**WHAT YOU ARE ASKED TO DO**: Restate word for word the lines in the listing below, starting at the line containing "Magnet Dragon Blanc" and ending at the line containing "Gandhi Road ...", both included; leave out the rest.

**INPUT DATA**:
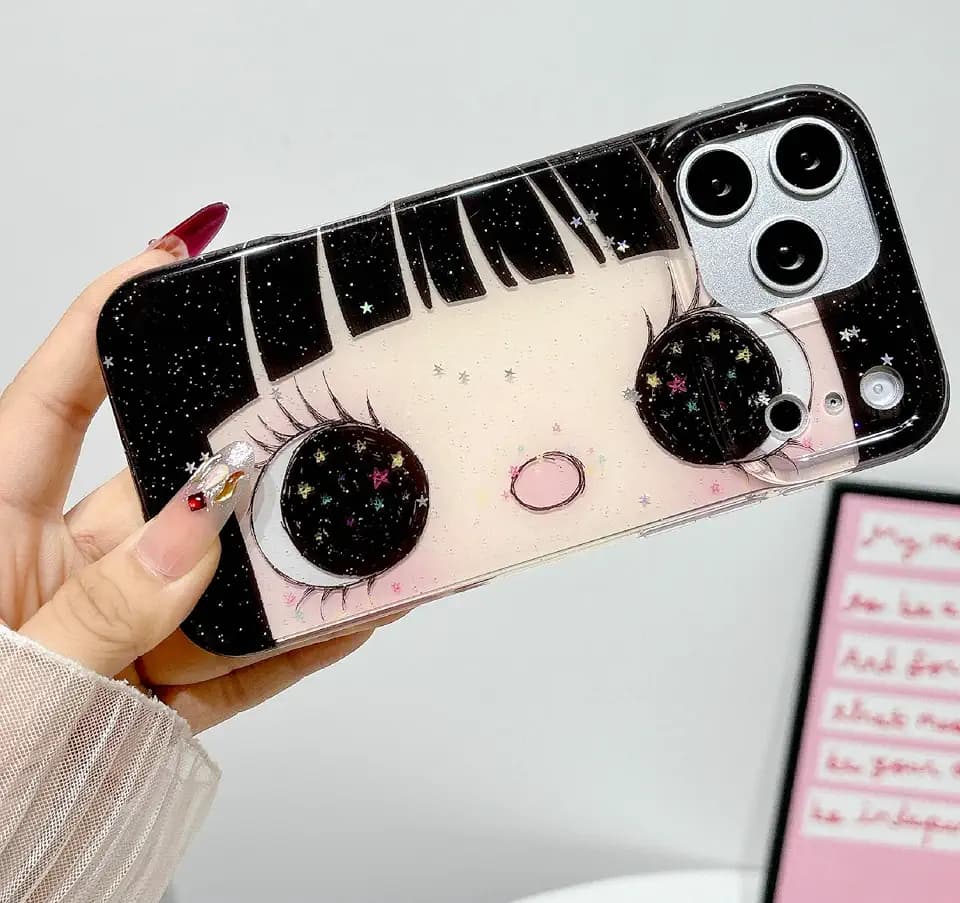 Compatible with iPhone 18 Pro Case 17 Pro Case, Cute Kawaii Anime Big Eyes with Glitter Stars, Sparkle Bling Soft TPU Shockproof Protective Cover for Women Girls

...

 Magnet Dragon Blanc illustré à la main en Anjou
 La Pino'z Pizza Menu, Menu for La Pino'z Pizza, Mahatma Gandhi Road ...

**SOLUTION TO THE PROBLEM**:
 Magnet Dragon Blanc illustré à la main en Anjou
 La Pino'z Pizza Menu, Menu for La Pino'z Pizza, Mahatma Gandhi Road ...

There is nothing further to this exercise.